Start by placing your left hand down and pushing your upper body off the floor. Then lift your hips off the floor and pull the left leg under your body. Place the left knee down, then stand up to your both legs, keeping the right arm still overhead.
To return, do everything in the reverse order. Place your left knee down, then place the left hand down. Straighten the left leg outward onto the ground and lower your upper body to the starting position, right arm up.
Repeat on the second side.
Weighted burpees are usually done with a medicine ball or sandbag, but dumbbells are great for them as well.

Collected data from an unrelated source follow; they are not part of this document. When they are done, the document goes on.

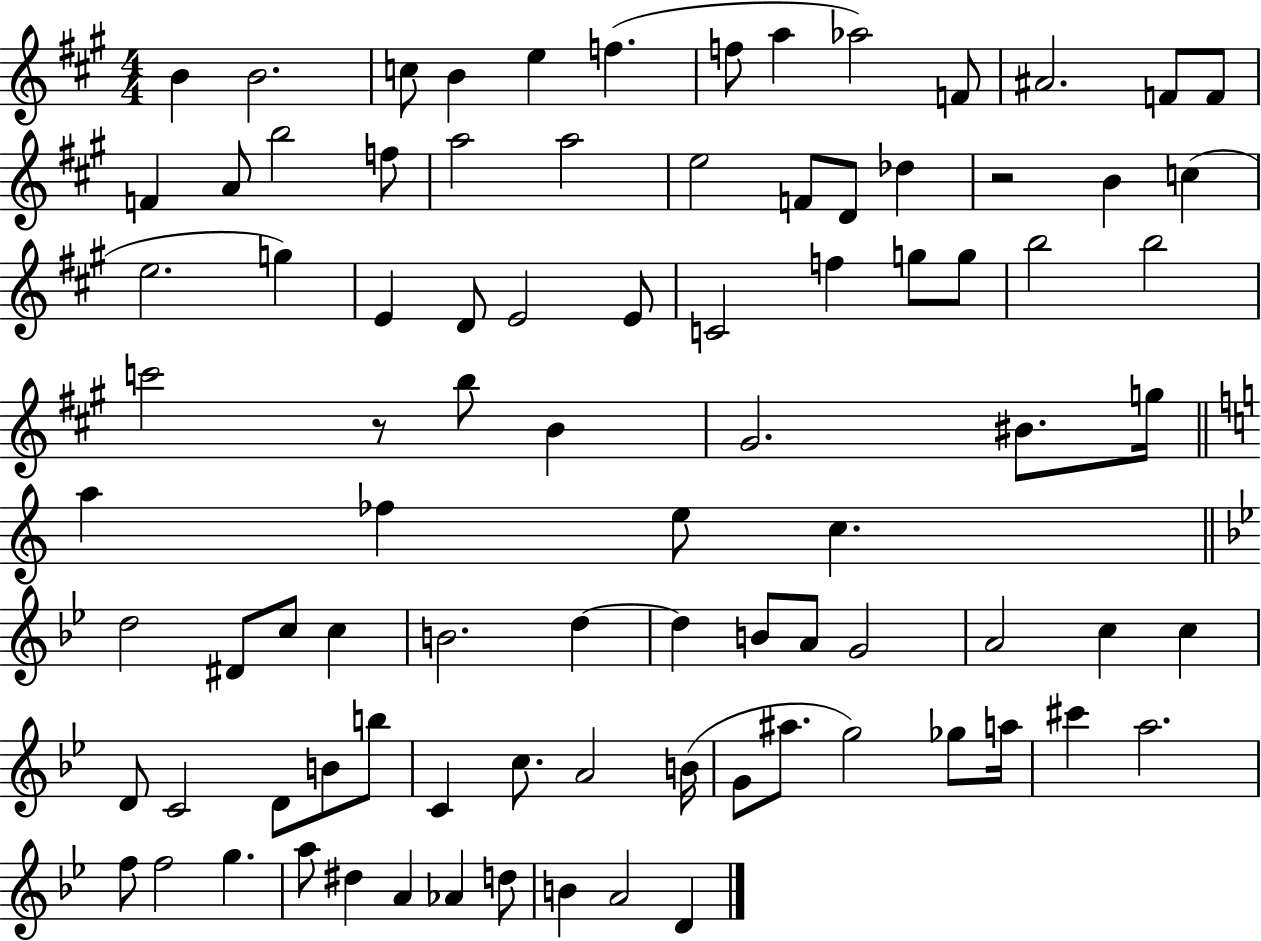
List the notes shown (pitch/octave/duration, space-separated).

B4/q B4/h. C5/e B4/q E5/q F5/q. F5/e A5/q Ab5/h F4/e A#4/h. F4/e F4/e F4/q A4/e B5/h F5/e A5/h A5/h E5/h F4/e D4/e Db5/q R/h B4/q C5/q E5/h. G5/q E4/q D4/e E4/h E4/e C4/h F5/q G5/e G5/e B5/h B5/h C6/h R/e B5/e B4/q G#4/h. BIS4/e. G5/s A5/q FES5/q E5/e C5/q. D5/h D#4/e C5/e C5/q B4/h. D5/q D5/q B4/e A4/e G4/h A4/h C5/q C5/q D4/e C4/h D4/e B4/e B5/e C4/q C5/e. A4/h B4/s G4/e A#5/e. G5/h Gb5/e A5/s C#6/q A5/h. F5/e F5/h G5/q. A5/e D#5/q A4/q Ab4/q D5/e B4/q A4/h D4/q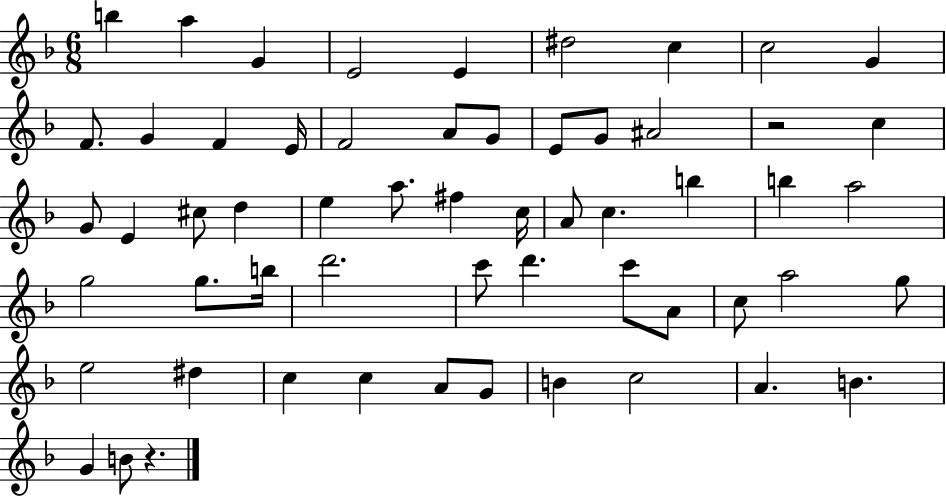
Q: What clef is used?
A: treble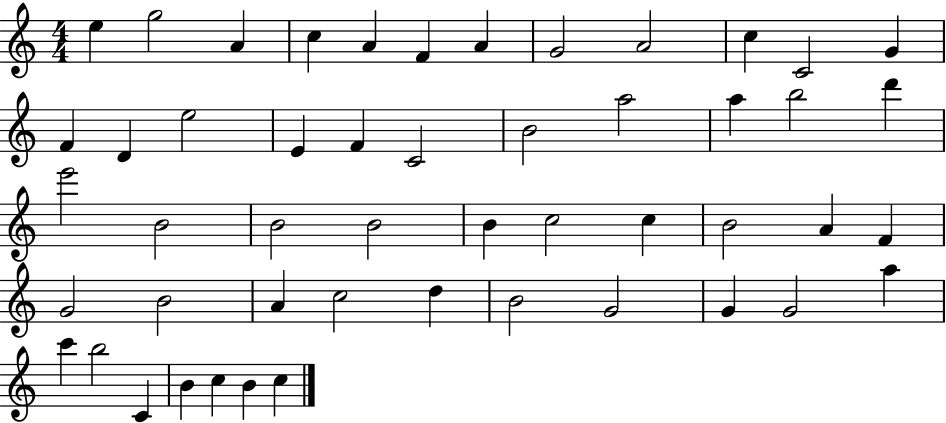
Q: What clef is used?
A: treble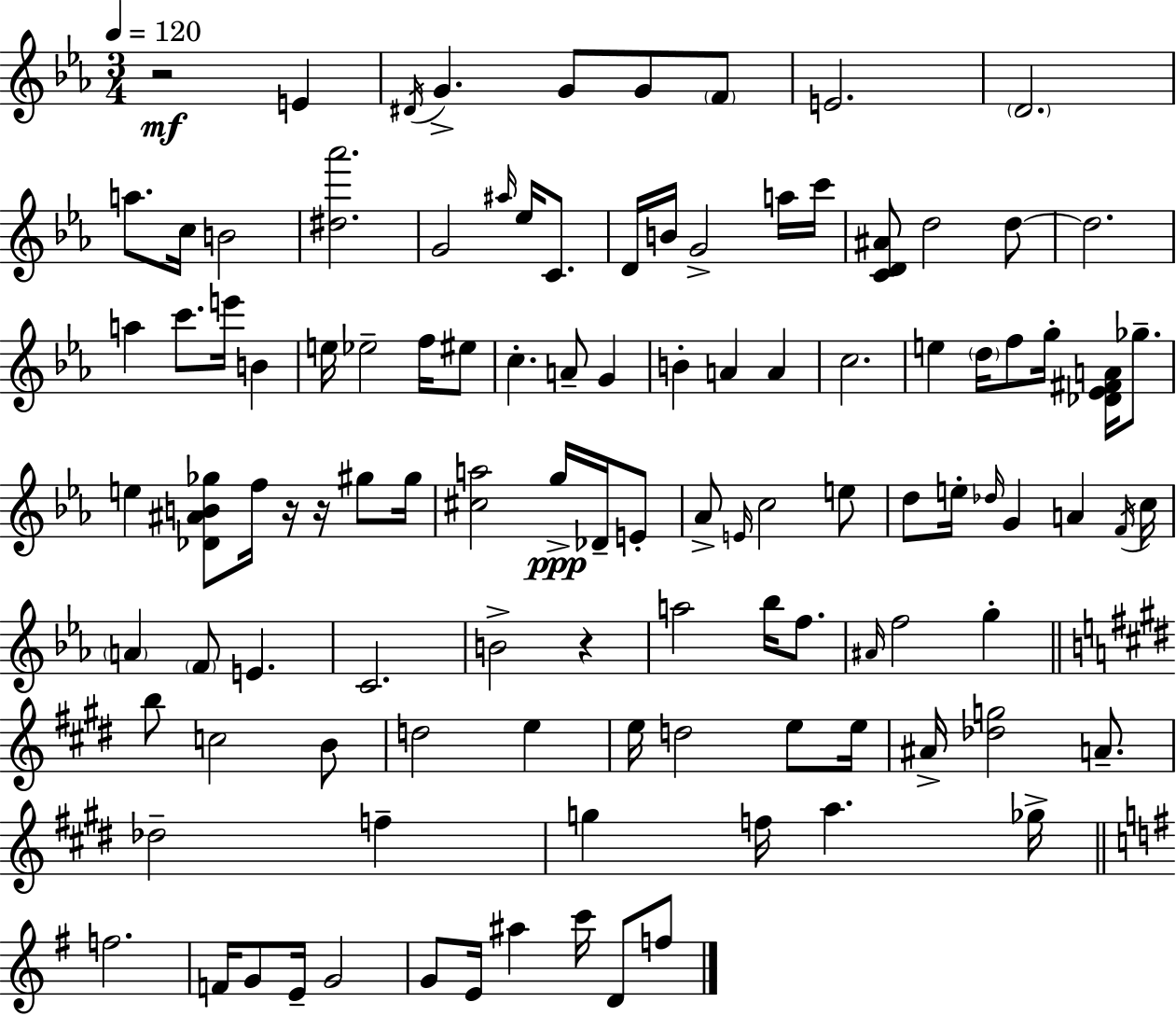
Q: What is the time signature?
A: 3/4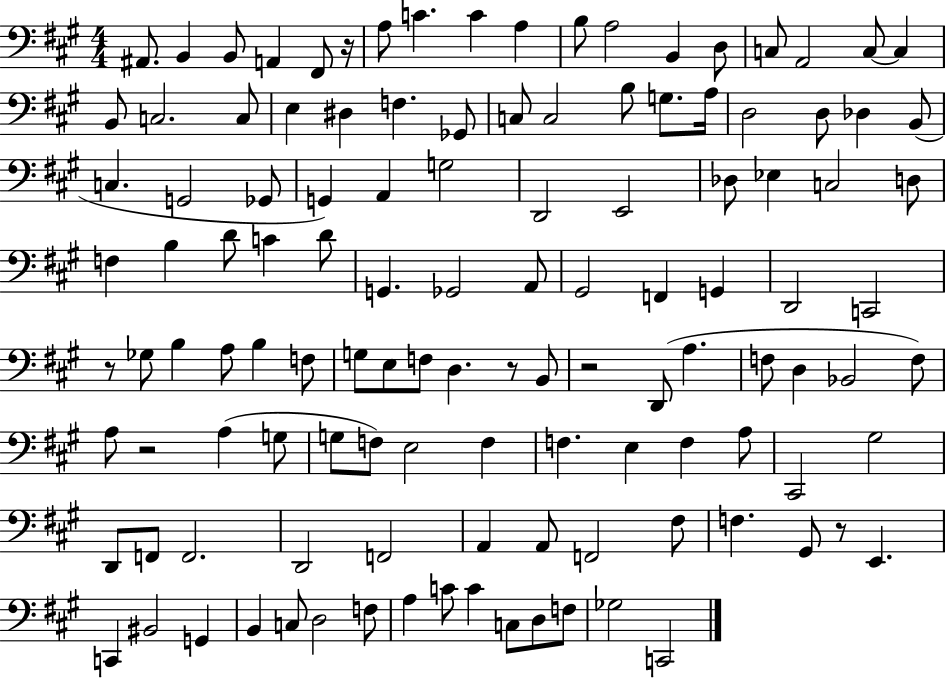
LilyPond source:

{
  \clef bass
  \numericTimeSignature
  \time 4/4
  \key a \major
  ais,8. b,4 b,8 a,4 fis,8 r16 | a8 c'4. c'4 a4 | b8 a2 b,4 d8 | c8 a,2 c8~~ c4 | \break b,8 c2. c8 | e4 dis4 f4. ges,8 | c8 c2 b8 g8. a16 | d2 d8 des4 b,8( | \break c4. g,2 ges,8 | g,4) a,4 g2 | d,2 e,2 | des8 ees4 c2 d8 | \break f4 b4 d'8 c'4 d'8 | g,4. ges,2 a,8 | gis,2 f,4 g,4 | d,2 c,2 | \break r8 ges8 b4 a8 b4 f8 | g8 e8 f8 d4. r8 b,8 | r2 d,8( a4. | f8 d4 bes,2 f8) | \break a8 r2 a4( g8 | g8 f8) e2 f4 | f4. e4 f4 a8 | cis,2 gis2 | \break d,8 f,8 f,2. | d,2 f,2 | a,4 a,8 f,2 fis8 | f4. gis,8 r8 e,4. | \break c,4 bis,2 g,4 | b,4 c8 d2 f8 | a4 c'8 c'4 c8 d8 f8 | ges2 c,2 | \break \bar "|."
}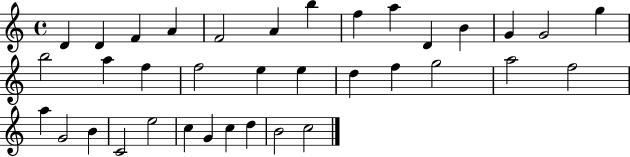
{
  \clef treble
  \time 4/4
  \defaultTimeSignature
  \key c \major
  d'4 d'4 f'4 a'4 | f'2 a'4 b''4 | f''4 a''4 d'4 b'4 | g'4 g'2 g''4 | \break b''2 a''4 f''4 | f''2 e''4 e''4 | d''4 f''4 g''2 | a''2 f''2 | \break a''4 g'2 b'4 | c'2 e''2 | c''4 g'4 c''4 d''4 | b'2 c''2 | \break \bar "|."
}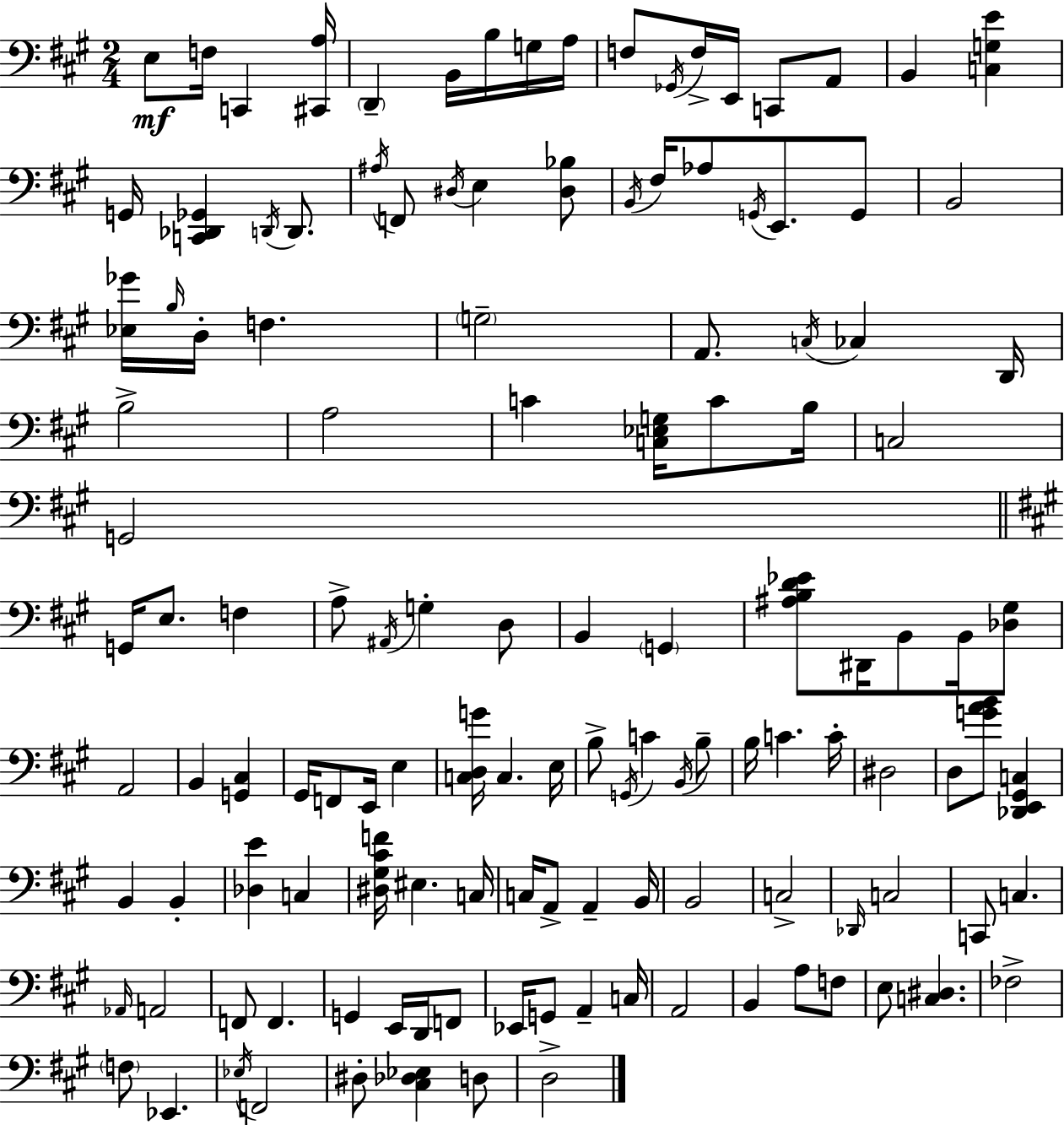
E3/e F3/s C2/q [C#2,A3]/s D2/q B2/s B3/s G3/s A3/s F3/e Gb2/s F3/s E2/s C2/e A2/e B2/q [C3,G3,E4]/q G2/s [C2,Db2,Gb2]/q D2/s D2/e. A#3/s F2/e D#3/s E3/q [D#3,Bb3]/e B2/s F#3/s Ab3/e G2/s E2/e. G2/e B2/h [Eb3,Gb4]/s B3/s D3/s F3/q. G3/h A2/e. C3/s CES3/q D2/s B3/h A3/h C4/q [C3,Eb3,G3]/s C4/e B3/s C3/h G2/h G2/s E3/e. F3/q A3/e A#2/s G3/q D3/e B2/q G2/q [A#3,B3,D4,Eb4]/e D#2/s B2/e B2/s [Db3,G#3]/e A2/h B2/q [G2,C#3]/q G#2/s F2/e E2/s E3/q [C3,D3,G4]/s C3/q. E3/s B3/e G2/s C4/q B2/s B3/e B3/s C4/q. C4/s D#3/h D3/e [G4,A4,B4]/e [Db2,E2,G#2,C3]/q B2/q B2/q [Db3,E4]/q C3/q [D#3,G#3,C#4,F4]/s EIS3/q. C3/s C3/s A2/e A2/q B2/s B2/h C3/h Db2/s C3/h C2/e C3/q. Ab2/s A2/h F2/e F2/q. G2/q E2/s D2/s F2/e Eb2/s G2/e A2/q C3/s A2/h B2/q A3/e F3/e E3/e [C3,D#3]/q. FES3/h F3/e Eb2/q. Eb3/s F2/h D#3/e [C#3,Db3,Eb3]/q D3/e D3/h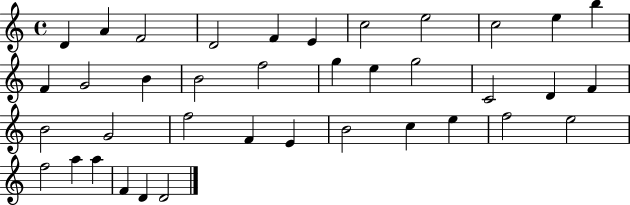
D4/q A4/q F4/h D4/h F4/q E4/q C5/h E5/h C5/h E5/q B5/q F4/q G4/h B4/q B4/h F5/h G5/q E5/q G5/h C4/h D4/q F4/q B4/h G4/h F5/h F4/q E4/q B4/h C5/q E5/q F5/h E5/h F5/h A5/q A5/q F4/q D4/q D4/h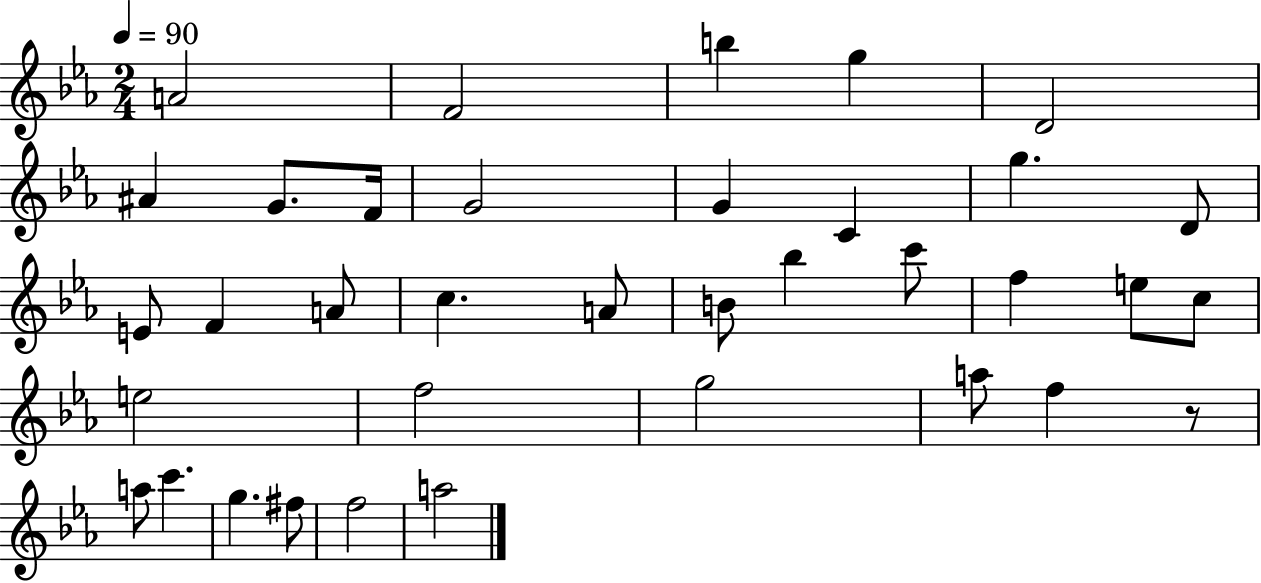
{
  \clef treble
  \numericTimeSignature
  \time 2/4
  \key ees \major
  \tempo 4 = 90
  \repeat volta 2 { a'2 | f'2 | b''4 g''4 | d'2 | \break ais'4 g'8. f'16 | g'2 | g'4 c'4 | g''4. d'8 | \break e'8 f'4 a'8 | c''4. a'8 | b'8 bes''4 c'''8 | f''4 e''8 c''8 | \break e''2 | f''2 | g''2 | a''8 f''4 r8 | \break a''8 c'''4. | g''4. fis''8 | f''2 | a''2 | \break } \bar "|."
}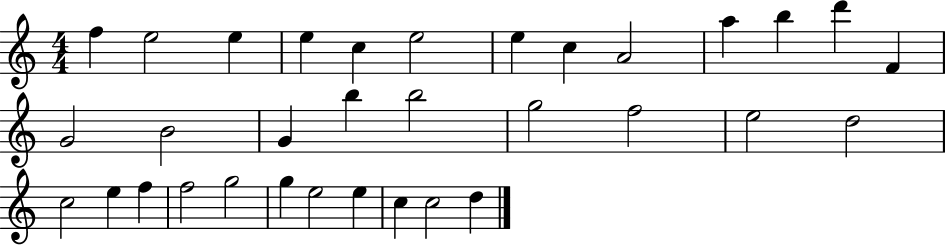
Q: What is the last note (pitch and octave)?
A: D5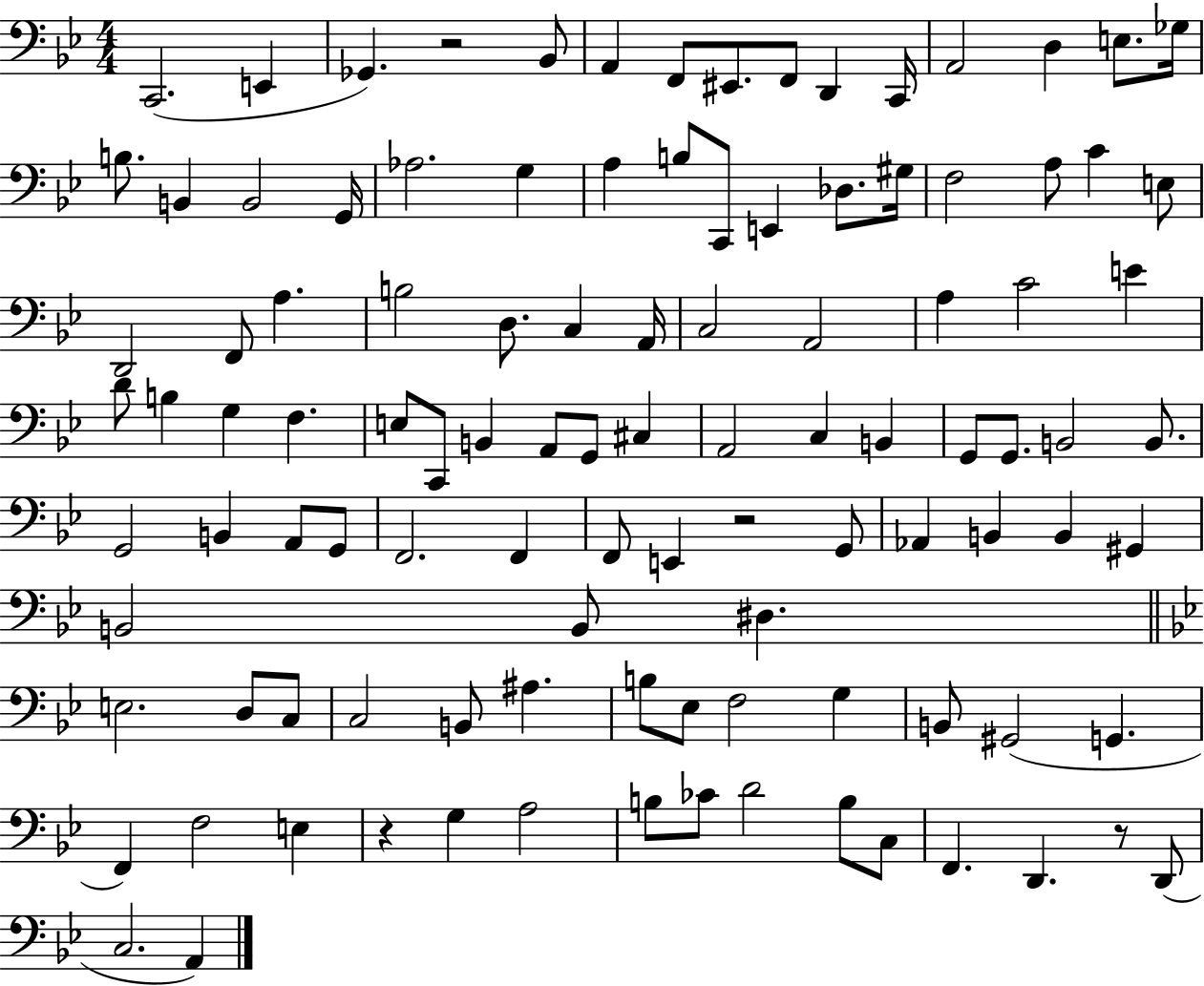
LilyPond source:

{
  \clef bass
  \numericTimeSignature
  \time 4/4
  \key bes \major
  c,2.( e,4 | ges,4.) r2 bes,8 | a,4 f,8 eis,8. f,8 d,4 c,16 | a,2 d4 e8. ges16 | \break b8. b,4 b,2 g,16 | aes2. g4 | a4 b8 c,8 e,4 des8. gis16 | f2 a8 c'4 e8 | \break d,2 f,8 a4. | b2 d8. c4 a,16 | c2 a,2 | a4 c'2 e'4 | \break d'8 b4 g4 f4. | e8 c,8 b,4 a,8 g,8 cis4 | a,2 c4 b,4 | g,8 g,8. b,2 b,8. | \break g,2 b,4 a,8 g,8 | f,2. f,4 | f,8 e,4 r2 g,8 | aes,4 b,4 b,4 gis,4 | \break b,2 b,8 dis4. | \bar "||" \break \key bes \major e2. d8 c8 | c2 b,8 ais4. | b8 ees8 f2 g4 | b,8 gis,2( g,4. | \break f,4) f2 e4 | r4 g4 a2 | b8 ces'8 d'2 b8 c8 | f,4. d,4. r8 d,8( | \break c2. a,4) | \bar "|."
}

How to do them: Start with a dumbbell in each hand and place them down in front of you (still holding them). Kick the feet back into a push up position and lower your chest towards the ground. Press your chest up, jump your feet towards your hands and jump up. Press your arms overhead and repeat.
You can do this exercise with pretty much any kind of weight—a medicine ball, kettlebell, sandbag, or one or two dumbbells.
How to do them: Stand with your feet about hips-width or slightly wider apart, holding a dumbbell or dumbbells in front of your torso. Bend your knees slightly and bring the dumbbell towards your right foot. Stand up and lift the dumbbell diagonally across your body to left shoulder. Repeat on the other side.
Although swings are usually done with kettlebells, you can do a similar exercise with dumbbells. Just be aware you probably will need to use a lighter weight since kettlebells have a handle and dumbbells are a little more awkward to hold.
How to do them: Stand with your feet about hip-width apart holding a dumbbell vertically with both hands at your waist. Make sure your arms are straight and you’re holding the dumbbell in the middle, not the end. Bend your knees slightly, swing the dumbbell back between your legs, then thrust your hips forward so that your arms come forward and the dumbbell comes to about waist or shoulder high. Let the dumbbell come back to the starting position and repeat, stringing the movements together.
Try these exercises out in your workouts and let us know how you liked them. Happy training!